The current design of national policies for complaint handling in NHS hospitals in England means there is too much focus on assessing a complaint’s validity and not enough on learning from the concerns raised, according to a new study published by the Journal of the Royal Society of Medicine.
The researchers say the process for raising formal complaints can be unclear for patients and relatives, with NHS complaints teams forced to focus on decisions over whether to uphold a complaint or not, rather than listening to the concerns and issues that have been raised by the complaint to see how to learn from it, in order to reach targets set within national policy.
The complex nature of the NHS complaints system is often cited as an obstacle to effective complaint handling. However, a detailed examination of how national rules, regulations and infrastructure influence complaint handling, investigation and monitoring within hospitals has remained relatively unexplored.”
Dr Jackie van Dael, Lead Researcher, NIHR Imperial Patient Safety Translational Research Center at Imperial College London’s Institute of Global Health Innovation
The researchers interviewed staff and analyzed complaints documentation at a multi-site acute hospital trust in London. Four areas were identified where the design of national rules and policies were reported to undermine a patient-centric and improvement-focused approach to complaints. These relate to: access to the complaints process, the conduct of investigations, data collection systems and administrative performance targets.

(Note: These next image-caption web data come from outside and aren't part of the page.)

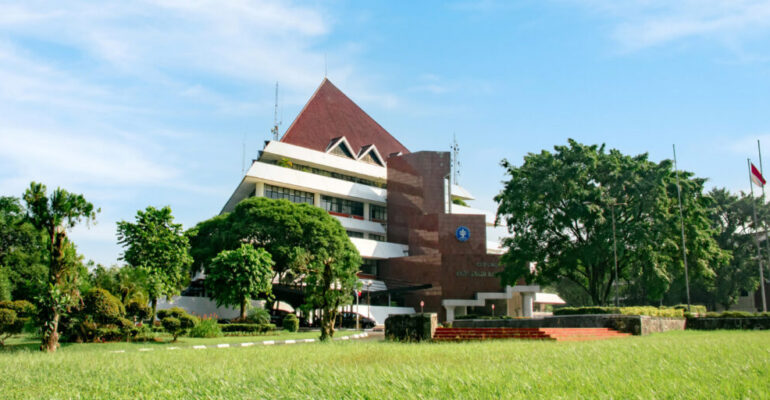 Improving Welfare, IPB University Provides Educational Assistance for Employees’ Children
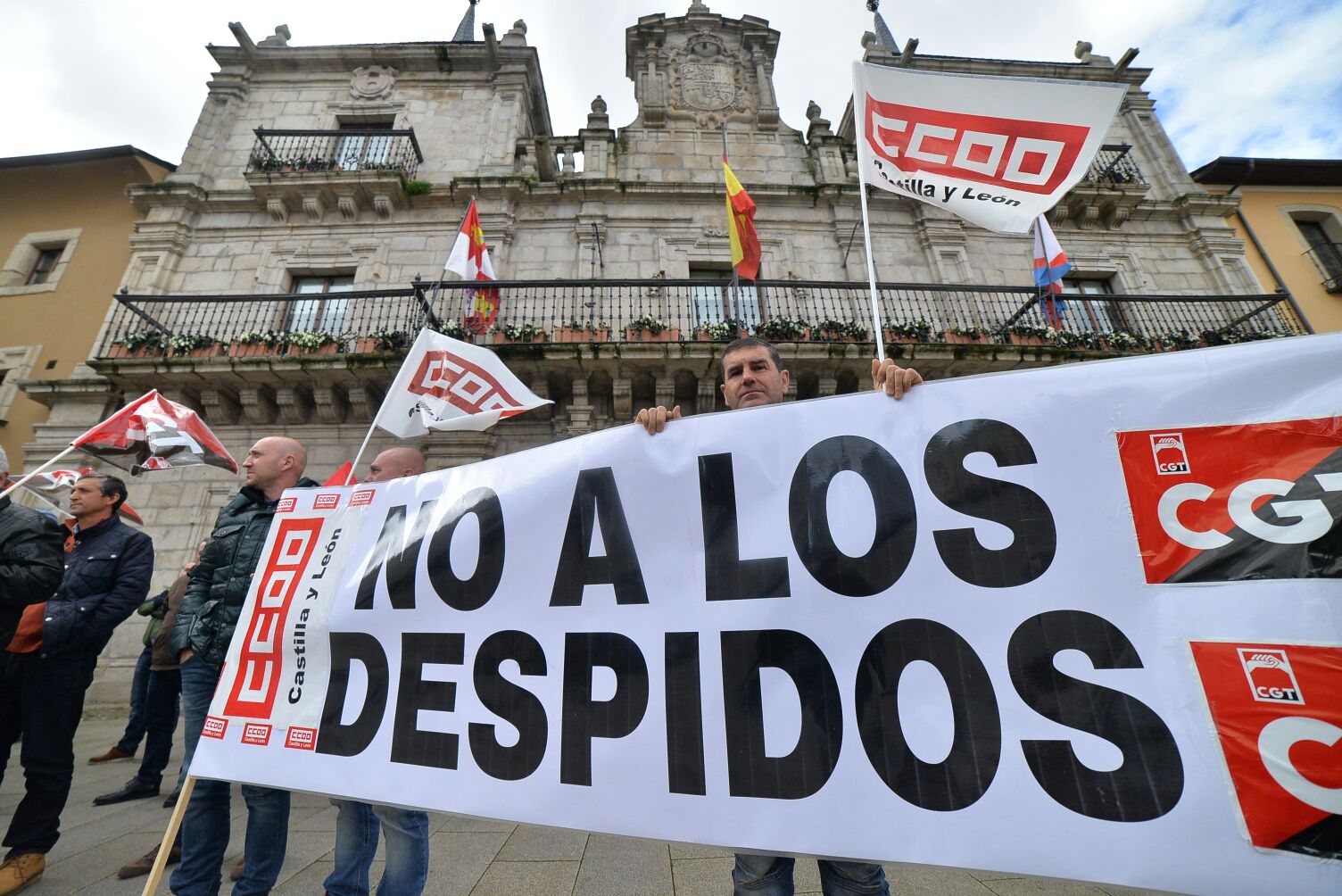 Protesta de los trabajadores de FCC a las puertas del Ayuntamiento.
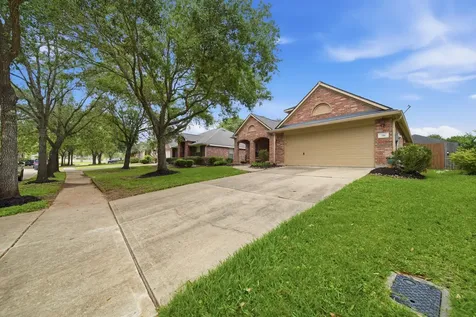 306 River Briar Lane Richmond TX 77406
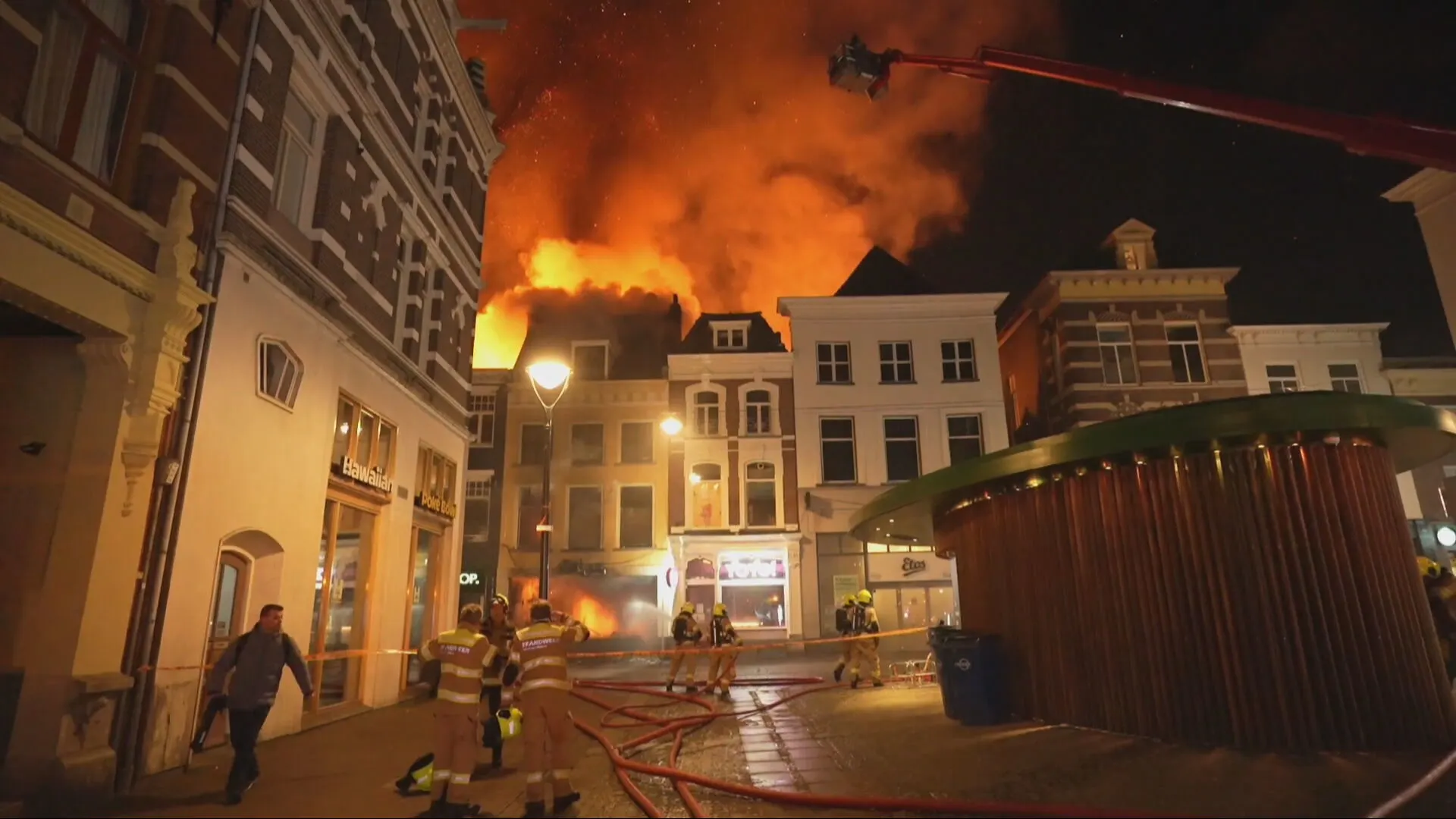 Tientallen bewoners opgevangen na brand Arnhem: nog onduidelijk of er slachtoffers zijn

A frequently mentioned issue among staff interviewed was confusion regarding the routes for raising concerns. Central to this was a lack of awareness, among both patients and frontline staff, about the different roles of the formal complaints team and the Patient Advice and Liaison Service (PALS). PALS is a point-of-contact within hospitals created to resolve lower-level concerns and queries directly on the ward. Dr van Dael said: “The visibility of PALS positions the service as a catch-all destination for patient concerns and queries and served to overshadow complaints departments in some cases.”
In addition to clarifying the roles of PALS and formal complaints processes to staff and patients alike, the researchers suggest reviewing national data collection systems, and re-considering the regulatory requirement for hospitals themselves to judge whether complaints are ‘well-founded’.
“All complaints are opportunities towards better understanding patients’ needs and their unique perspective on organizational safety,” commented Dr van Dael. “We recommend involving patients and families in complaints investigations as standard practice and creating opportunity for dialogue between involved staff and affected patients.”